SARS-COV-2 INDUCES DOPAMINERGIC NEURON LOSS IN MIDBRAIN ORGANOIDS

Objectives: COVID-19 presents numerous symptoms mostly associated with the
respiratory tract. However, recent evidence showed that the SARS-CoV-2 virus affects the nervous system. We evaluated the effect of the infection in midbrain organoids to determine if cells and pathways related to the onset of Parkinson’s disease (PD) are affected.
Methods: The effect of the virus after short- and long-term cultures (4 days, and 1 month) postinfection was analyzed. Features measured included the degree of dopaminergic differentiation (TH), neurite fragmentation, and the level of activated astrocytes (GFAP and S100beta). Bulk RNAseq was performed to determine the effects of the infection on gene expression.
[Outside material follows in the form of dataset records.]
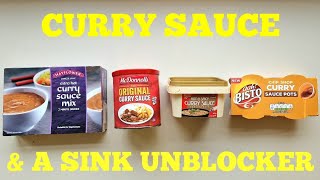 MAYFLOWER McDonnells Goldfish amp BISTO Curry Sauce Comparison [upl. by Nythsa302]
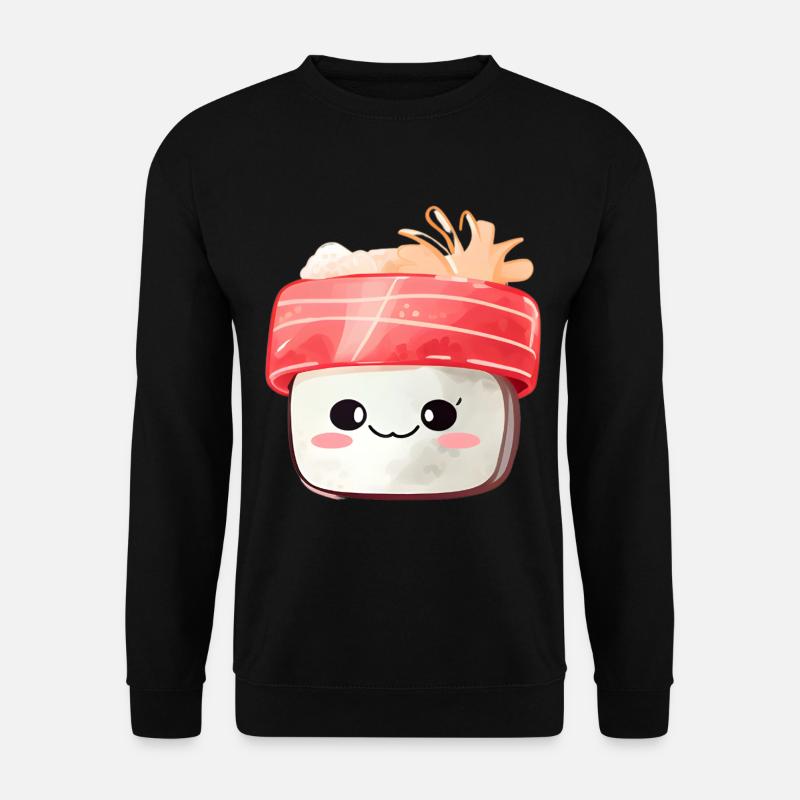 Sushi - Unisex Sweatshirt - black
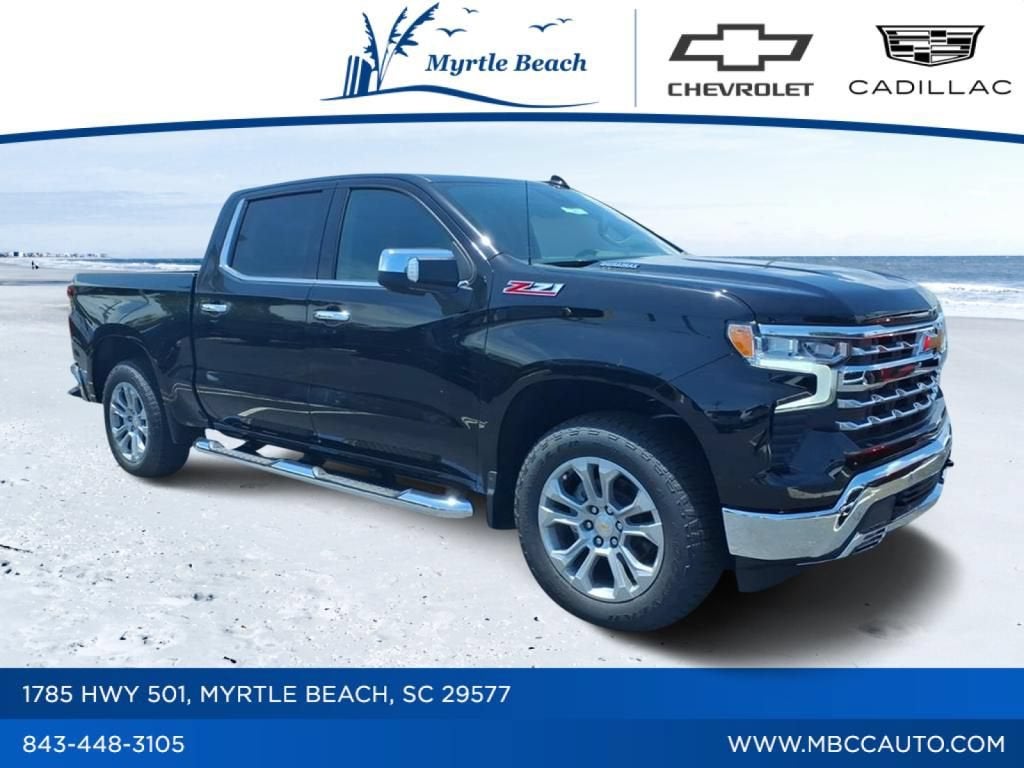 2026 Chevrolet Silverado 1500 LTZ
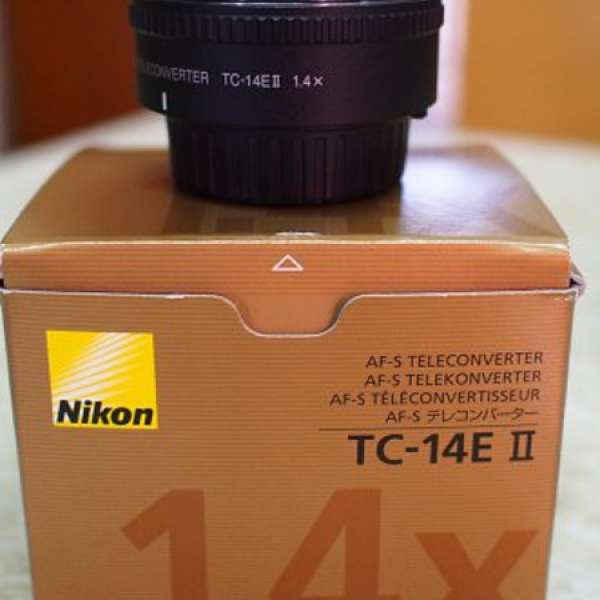 Nikon AFS TC-14E II 增距鏡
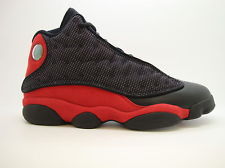 Jordan retro 13 black & red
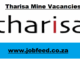 Tharisa Mine Vacancies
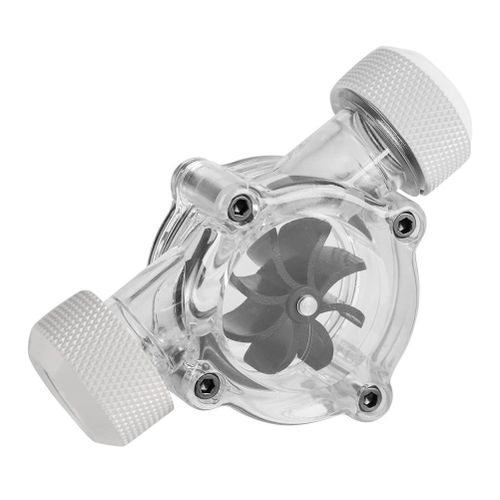 Generic Flow Meter Indicator 8 Impeller G1/4 Threaded Port PC Water ...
Results: After infection with SARS-CoV-2, the levels of dopaminergic neurons were significantly reduced in both short and long-term culture. Moreover, neurite fragmentation of TH positive neurons in infected organoids significantly increased respective to controls in long-term cultures. Within the same infected organoid TH/SARS-CoV-2 double positive neurons presented an altered morphology and high degree of neurite fragmentation compared to uninfected TH positive neurons. Activation of astrocytes was significantly reduced after infection in the short-term
culture. While the levels of S100beta recovered over time, they still remained lower in infected organoids. In both short- and long-term culture, SARS-CoV-2 colocalized more with certain types of cells showing a marked preference for GFAP positive and TH positive cells when normalized to their respective abundance in the organoid. Gene expression analysis revealed a disruption in gene pathways related to vesicle transport, endosomal and autophagy pathways following infection with SARS-CoV-2.
Conclusions: Infection of midbrain organoids with SARS-CoV-2 induced a clear
neurodegenerative process of TH positive neurons, while disrupting main pathways known to be involved in Parkinson's disease.